▶ **Dataset excerpt**
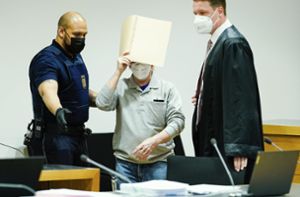 Der Angeklagt wurde am Freitag freigesprochen. Foto: dpa/Uwe Anspach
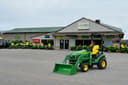 2026 John Deere 1025R Image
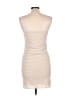 Wilfred Ivory Cocktail Dress Size L - photo 2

▶ **Task brief**
Ignoring the pictures, write out word for word the lines from the line containing "2026 John Deere 1025R Image" through the end of the material above.

▶ **Answer space**
 2026 John Deere 1025R Image
 Wilfred Ivory Cocktail Dress Size L - photo 2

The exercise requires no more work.